# Data section
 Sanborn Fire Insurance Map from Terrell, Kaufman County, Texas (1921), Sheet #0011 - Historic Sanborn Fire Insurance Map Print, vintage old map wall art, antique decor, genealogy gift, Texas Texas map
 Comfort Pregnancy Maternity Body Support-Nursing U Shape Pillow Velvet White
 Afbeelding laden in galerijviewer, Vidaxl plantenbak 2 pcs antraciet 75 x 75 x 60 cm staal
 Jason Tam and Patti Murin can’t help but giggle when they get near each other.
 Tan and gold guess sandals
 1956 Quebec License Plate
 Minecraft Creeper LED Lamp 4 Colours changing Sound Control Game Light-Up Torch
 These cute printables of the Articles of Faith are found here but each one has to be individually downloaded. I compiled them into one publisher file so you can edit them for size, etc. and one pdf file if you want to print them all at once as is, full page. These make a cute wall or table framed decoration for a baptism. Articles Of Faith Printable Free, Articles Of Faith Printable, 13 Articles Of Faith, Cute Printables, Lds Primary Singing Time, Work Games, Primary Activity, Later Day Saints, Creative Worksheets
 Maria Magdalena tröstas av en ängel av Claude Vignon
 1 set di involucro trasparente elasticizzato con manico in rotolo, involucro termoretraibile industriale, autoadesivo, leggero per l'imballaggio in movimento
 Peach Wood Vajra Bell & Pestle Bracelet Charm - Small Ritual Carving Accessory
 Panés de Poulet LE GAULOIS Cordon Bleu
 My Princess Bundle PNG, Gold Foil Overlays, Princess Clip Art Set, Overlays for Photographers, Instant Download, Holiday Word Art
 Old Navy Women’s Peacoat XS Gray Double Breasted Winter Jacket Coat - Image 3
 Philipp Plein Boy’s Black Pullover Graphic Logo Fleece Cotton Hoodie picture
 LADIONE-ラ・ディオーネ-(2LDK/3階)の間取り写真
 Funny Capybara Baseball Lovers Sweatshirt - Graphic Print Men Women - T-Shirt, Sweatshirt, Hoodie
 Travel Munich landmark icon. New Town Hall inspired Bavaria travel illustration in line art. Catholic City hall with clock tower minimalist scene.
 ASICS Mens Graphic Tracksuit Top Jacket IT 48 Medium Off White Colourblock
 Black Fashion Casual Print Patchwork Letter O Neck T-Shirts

# Work order
Word for word, repeat the lines from the one holding "My Princess Bundle" through the last line of the entries, both included.

# Answer box
 My Princess Bundle PNG, Gold Foil Overlays, Princess Clip Art Set, Overlays for Photographers, Instant Download, Holiday Word Art
 Old Navy Women’s Peacoat XS Gray Double Breasted Winter Jacket Coat - Image 3
 Philipp Plein Boy’s Black Pullover Graphic Logo Fleece Cotton Hoodie picture
 LADIONE-ラ・ディオーネ-(2LDK/3階)の間取り写真
 Funny Capybara Baseball Lovers Sweatshirt - Graphic Print Men Women - T-Shirt, Sweatshirt, Hoodie
 Travel Munich landmark icon. New Town Hall inspired Bavaria travel illustration in line art. Catholic City hall with clock tower minimalist scene.
 ASICS Mens Graphic Tracksuit Top Jacket IT 48 Medium Off White Colourblock
 Black Fashion Casual Print Patchwork Letter O Neck T-Shirts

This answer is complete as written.